常数爆减,不开\(O2\)稳稳\(88pts\)
\(Code:\)
#include<iostream>
#include<cstdio>
#include<algorithm>
#define N 500005
#define ll long long
#define mx(x,y) ((x>y)?x:y)
using namespace std;
int n,ty,x,y,z,cnt,rt;
int a[N];
ll g[N],dp[N],ans[N];
struct node
{
int sz,ls,rs,rk,v1,v2;
ll v;
}s[N];
inline int read()
{
int s=0;
char c=getchar();
while (c<'0' || c>'9')
c=getchar();
while ('0'<=c && c<='9')
{
s=s*10+c-'0';
c=getchar();
}
return s;
}
void write(ll x)
{
if (x>9)
write(x/10);
putchar(x%10+'0');
}
inline int newnode(ll x,int y)
{
cnt++;
s[cnt].v=x;
s[cnt].v1=s[cnt].v2=y;
s[cnt].sz=1;
s[cnt].ls=0;
s[cnt].rs=0;
s[cnt].rk=rand();
return cnt;
}
inline void update(int x)
{
s[x].sz=s[s[x].ls].sz+s[s[x].rs].sz+1;
s[x].v2=mx(s[x].v1,mx(s[s[x].ls].v2,s[s[x].rs].v2));
}
void split(int &x,int &y,int now,ll k)
{
if (!now)
{
x=y=0;
return;
}
if (s[now].v<=k)
{
x=now;
split(s[now].rs,y,s[now].rs,k);
} else
{
y=now;
split(x,s[now].ls,s[now].ls,k);
}
update(now);
}
int merge(int x,int y)
{
if (!x||!y)
return x|y;
if (s[x].rk>s[y].rk)
{
s[x].rs=merge(s[x].rs,y);
update(x);
return x;
} else
{
s[y].ls=merge(x,s[y].ls);
update(y);
return y;
}
}
int main()
{
srand(233333);
n=read(),ty=read();
for (int i=1;i<=n;i++)
a[i]=read(),g[i]=g[i-1]+a[i];
rt=newnode(0,0);
for (int i=1;i<=n;i++)
{
split(x,y,rt,g[i]);
int rans=s[x].v2;
dp[i]=g[i]-g[rans];
ans[i]=ans[rans]+dp[i]*dp[i];
split(y,z,y,dp[i]+g[i]);
rt=merge(merge(merge(x,y),newnode(dp[i]+g[i],i)),z);
}
write(ans[n]),putchar('\n');
return 0;
}
\(100pts\)
刚才\(88pts\)的优化中,我们可以看到,只需要找到\(dp_j+S_j \le S_i\)的最大的\(j\)即可
首先,对于\(j<k,dp_j+S_j \ge dp_k+S_k\),显然\(k\)一定比\(j\)更优
然后由于\(S_i\)单调递增,假设\(i\)由\(fr_i\)转移而来,那么\(fr_i\)一定是单调递增的,满足决策单调性
我们可以用单调队列来维护,\(r\)指针维护队列单调性,\(l\)指针指向当前最优决策点
然而最大数字达到\(1.6 \times 10^{33}\),需要高精度
直接用\(4\)位\(10^9\)进制数来模拟高精度
卡了一点常,可以发现,我们最终的四元组\((a,b,c,d)\)中,\(a,b,c,d\)均和其他大数字直接做加法,不会爆\(long \quad long\),可以最后再取模
\(loj\)上原本最原始的代码总用时\(4721ms\),最大点\(1891ms\)(用\(C\)++ \((NOI)\)评测)

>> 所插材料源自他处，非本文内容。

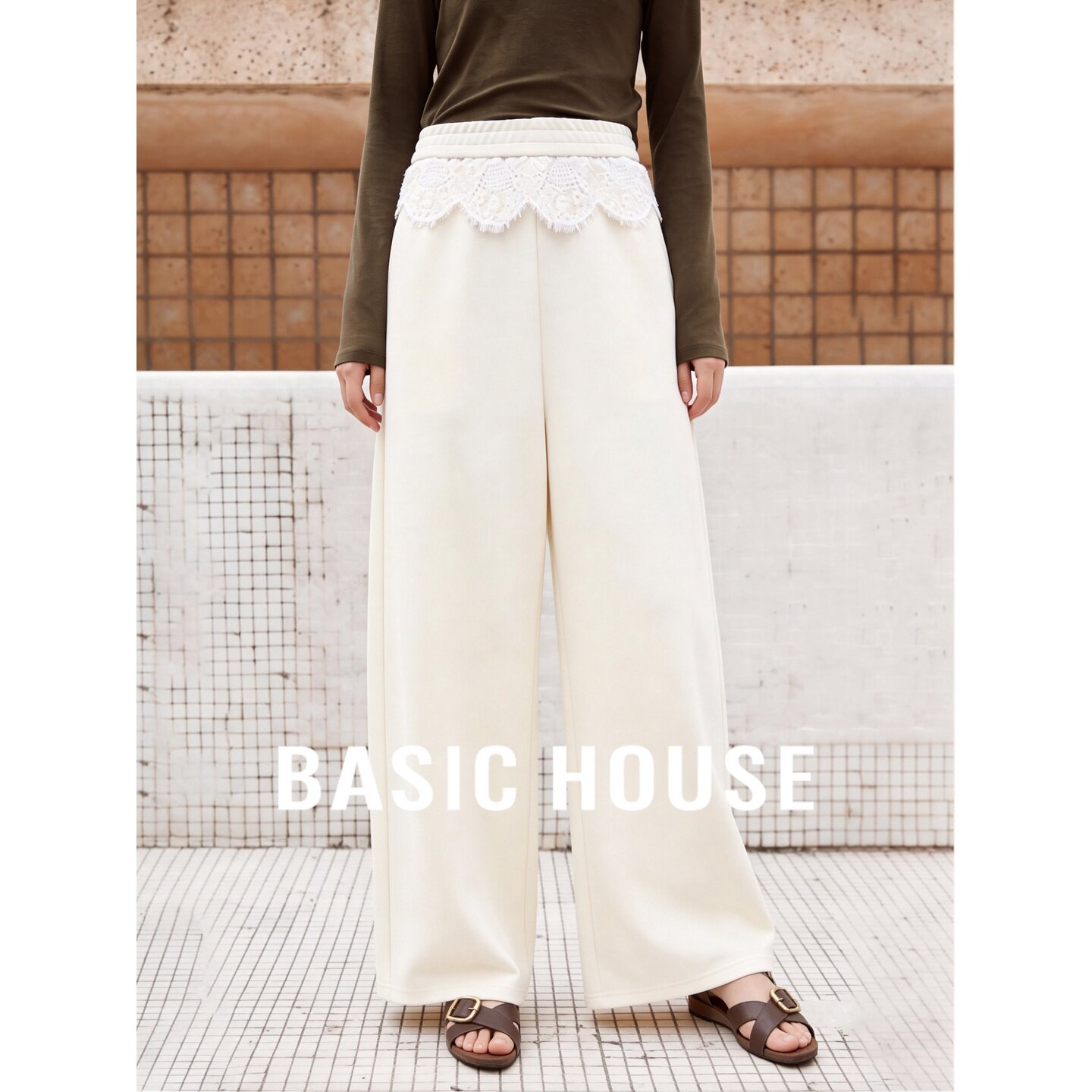 Basic House/百家好2026秋季新款米色蕾丝拼接宽松垂感阔腿休闲裤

\(loj\)该代码总用时\(3986ms\),最大点\(1591ms\)(用\(C\)++ \((NOI)\)评测)
时间复杂度:\(O(\alpha n)\)(\(\alpha\),一个该死的常数)
\(loj\)上\(AC\),洛谷不吸\(O2\)\(TLE\)(开\(O2\)可以\(AC\))
\(Code:\)
#include<iostream>
#include<cstdio>
#include<algorithm>
#define N 40000005
#define s 1000000000
#define ll long long
#define mx(x,y) ((x>y)?x:y)
#define mn(x,y) ((x<y)?x:y)
using namespace std;
int n,ty,x,y,z,B,b1,b2,m;
int fr[N],q[N],rs[10];
ll g[N],dp[N];
inline int read()
{
int S=0;
char c=getchar();
while (c<'0' || c>'9')
c=getchar();
while ('0'<=c && c<='9')
{
S=S*10+c-'0';
c=getchar();
}
return S;
}
inline void pr()
{
rs[0]=1;
for (int i=1;i<=8;i++)
rs[i]=rs[i-1]*10;
}
inline void write(int x)
{
if (!x)
{
putchar('0');
return;
}
bool flag=false;
for (int i=8;i>=0;i--)
{
if (!flag && x<rs[i])
continue; else
flag=true;
putchar(x/rs[i]+'0');
x%=rs[i];
}
}
inline void qwrite(int x)
{
for (int i=8;i>=0;i--)
{
putchar(x/rs[i]+'0');
x%=rs[i];
}
}
int main()
{
n=read(),ty=read();
int mo=1 << 30;
if (!ty)
{
for (int i=1;i<=n;i++)
g[i]=g[i-1]+read();
} else
{
x=read(),y=read(),z=read(),b1=read(),b2=read(),m=read();
int prep=0,p,l,r;
for (int i=1;i<=m;i++)
{
p=read(),l=read(),r=read();
int del=r-l+1;
for (int j=prep+1;j<=p;j++)
{
if (j==1)
B=b1; else
if (j==2)
B=b2; else
{
B=((ll)x*b2+(ll)y*b1+z)%mo;
b1=b2;
b2=B;
}
g[j]=g[j-1]+B%del+l;
}
prep=p;
}
}
int l=1,r=0;
q[++r]=0;
for (int i=1;i<=n;i++)
{
while (l<r && dp[q[l+1]]+g[q[l+1]]<=g[i])
l++;
dp[i]=g[i]-g[q[l]];
fr[i]=q[l];
ll o=dp[i]+g[i];
while (l<r && o<=dp[q[r]]+g[q[r]])
r--;
q[++r]=i;
}
int u=n;
ll ans1=0,ans2=0,ans3=0,ans4=0;
ll ans5=0,ans6=0,ans7=0,ans8=0,ans9=0,ans10=0;
while (u)
{
ans5=dp[u]/s;
ans6=dp[u]%s;
ans10=ans6*ans6;
ans9=ans10/s+((ans5*ans6) << 1);
ans10%=s;
ans8=ans9/s+ans5*ans5;
ans9%=s;
ans7=ans8/s;
ans8%=s;
ans1+=ans7;
ans2+=ans8;
ans3+=ans9;
ans4+=ans10;
u=fr[u];
}
ans3+=ans4/s;
ans4%=s;
ans2+=ans3/s;
ans3%=s;
ans1+=ans2/s;
ans2%=s;
pr();
if (ans1)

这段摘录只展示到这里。